If you'd direct your attention to the column BA - OBI%, I might then make the following statement: that those players towards the top of that list, those with the smallest difference between their batting average and their OBI percentage, appear to have "been better" or at least have done the bulk of their production with runners on base.

And though this might not be a player's fault, those towards the bottom of the list had more damage done with the bases empty. Look at CJ. His only RBI came from the solo shot he hit off Cole Hamels, and therefore none of his average can be expressed in Others Batted In.

I know this isn't perfect. Batting Average and OBI percent are two different ratios with two different, um, denominators, if I remember my grade school math correctly, so I know you can't, strictly speaking, subtract them.
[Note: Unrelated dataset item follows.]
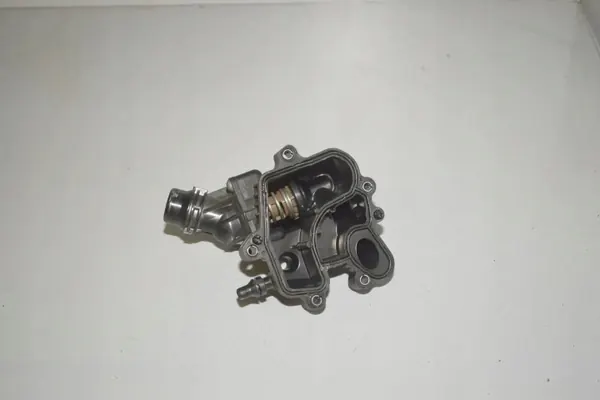 BMW Termostaatti OEM 8581627 5-sarja G30/G31 image 3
And certainly looking at the SLG - OBI column you can see how everything could go off kilter. Like, Berkman's BA and OBI are close enough where you might say something like, "he was just as good with runners on as when they weren't" or something of that nature. But when you try to introduce the slugging, the average weighted by total bases, because his slugging was so high to begin with, he plummets to the bottom of the list, next to Luke.

I think this is because slugging is recorded on a larger scale than the OBI% number is, whereas BA is basically recorded in a similar though translated 200 point range. And as far as unlike denominators, the idea of OPS shows that sometimes adding unlike numbers can give you a useful answer anyway.

So based on that, I guess I'd say I believe that the AVG-OBI% numbers anyway DO hang together, and they DO show that Adam has a little secret talent: Although I will still be going off on his sorry-hitting ass this if he doesn't get his average into at least the high .240's, I think he really doesn't suck as much as it may at first glance appear, and the sabermetricians, in wantonly disregarding the RBI the way they have, would be even less likely to see it than Raymond or--ahem--I have.

I would certainly be interested in your input about all this.